The Bike Hub cycle journey planning and bike shop finding iPhone app is now available in Apple’s app store. The app is free, paid for by the Bike Hub levy scheme. Download it here. Below is the iTunes description text.
Follow the Bike Hub twitter account to get the news of the app’s forthcoming updates.
The Bike Hub app finds the quickest or quietest cycle routes; and can locate your nearest bike shops. This is NOT a sports app. It won’t link to your HRM with ANT+; tell you how many donuts you’ve burnt; or Twitter your cycle ride stats.
The cycle routing is done via CycleStreets.net. This bicycle journey planning website uses mathematical graph theory algorithms to quickly work out great bike routes. But it’s not just nodes and networks, Bike Hub mapping benefits from local, expert knowledge.
Want a fast route to a railway station? Choose ‘Quickest route’ and you’ll be directed via roads (although not dual carriageways or motorways). Don’t care to mingle with motorised traffic? Choose ‘Quietest route’ and the app will use OpenCycleMap to guide you along back-streets and, where available and sensible, cycle routes. The ‘Balanced route’ provides a good mix between the two extremes of ‘Fastest route’ and ‘Quietest route’. Don’t like hills? The Bike Hub app avoids them as much as possible.
BIKE SHOP FINDER
Fire up the Bike Hub app to locate the nearest independent bicycle dealers in a six mile radius.

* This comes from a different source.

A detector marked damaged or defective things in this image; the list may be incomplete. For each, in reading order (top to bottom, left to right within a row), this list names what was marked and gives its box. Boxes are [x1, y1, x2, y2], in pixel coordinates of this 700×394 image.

The Bike Hub app was built for towns and cities but it is also excellent for out-in-the-sticks cycle touring. Currently, the Cyclestreets journey planner can construct journeys up to a maximum of 50kms, though that restriction will be extended as the coding matures. The app is NOT designed for Lands End to John o’Groats routing but can be a useful planning tool between towns, or when already out on tour.

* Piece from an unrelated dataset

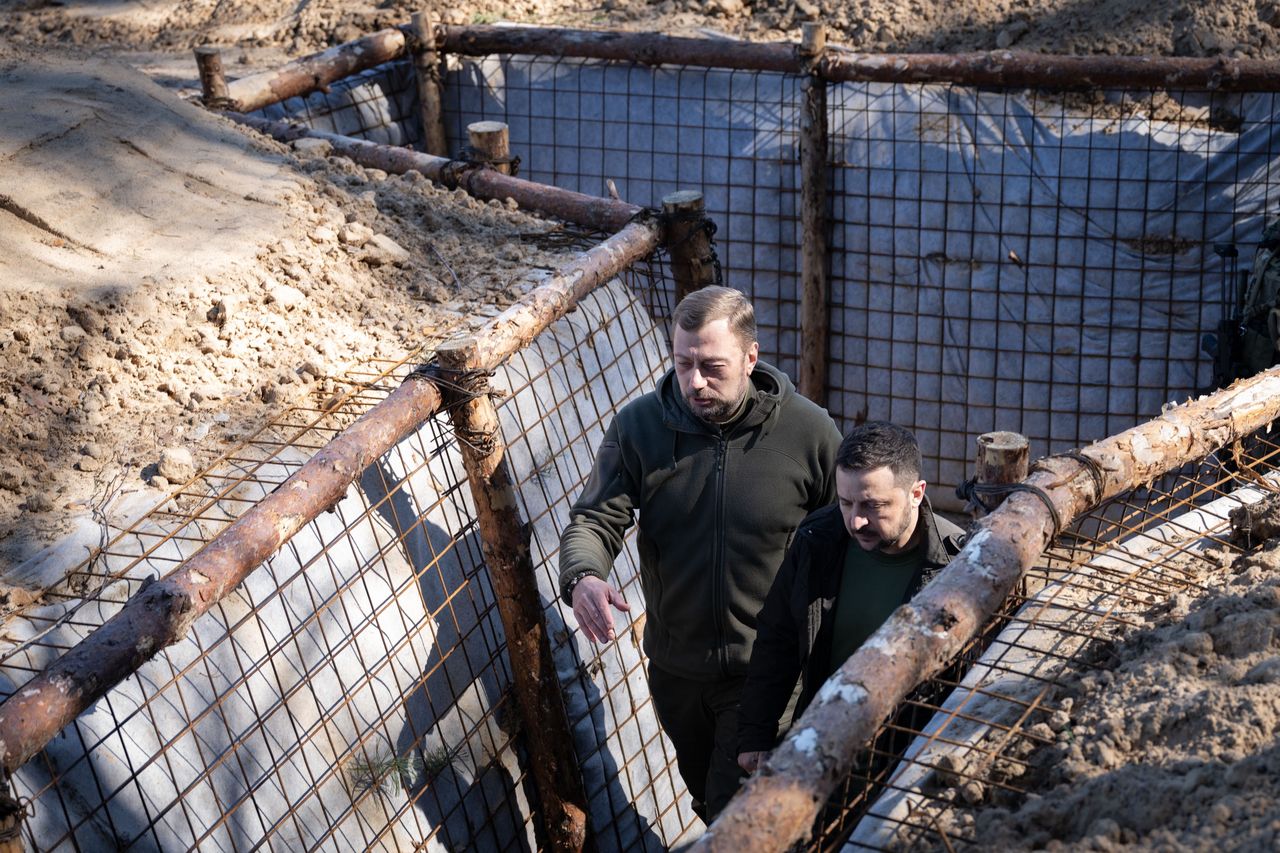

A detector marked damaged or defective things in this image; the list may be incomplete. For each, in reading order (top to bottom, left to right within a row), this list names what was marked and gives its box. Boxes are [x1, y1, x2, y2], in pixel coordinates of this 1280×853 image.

rusty wire mesh [0, 242, 691, 845]
rusty wire mesh [798, 432, 1280, 850]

Users of this app in London will appreciate the location data for the Barclays Cycle Hire Bikes. Note: this app does not pull in live bike availability data from Transport for London (TfL). There are other apps that do this, such as London Cycle App and the Cycle Hire App.
The Bike Hub app also has a news section, a cycling events calendar and longer features…
* Info on the Cycle to Work scheme
* Cycling and the law
* Off-road riding do’s and don’ts
* Best ever quotes about cycling.
Route finding requires access to online mapping so, to use the journey planning and bike shop locator functions, the Bike Hub app requires Wifi or a mobile phone signal, preferably 3G. Ditto for the BikeHub.co.uk news feed. However, the feature articles are hard-wired into the app and can be accessed without Wifi or a phone signal. Cyclestreets.net uses postcode and name place finding tools: these will be improved over time.
CROWD SOURCED DATA
Users of this app will notice some city maps have more details than others. Cambridge and London, for instance, are extremely detailed. YOU can help update your area. The Bike Hub app relies on the network node coding of the Cyclestreets chaps and they, in turn, rely on the dedicated volunteers who upload fixes and new points of interest to OpenStreetMap. Please consider signing up to OpenStreetMap.org and using a free OSM editing app such as Mapzen POI Collector which lets you add businesses, local amenities and other places of interest to OpenStreetMap, direct from your iPhone. Or consider becoming part of the OSM community by adding data via your desktop with online services such as mapzen.cloudmade.com.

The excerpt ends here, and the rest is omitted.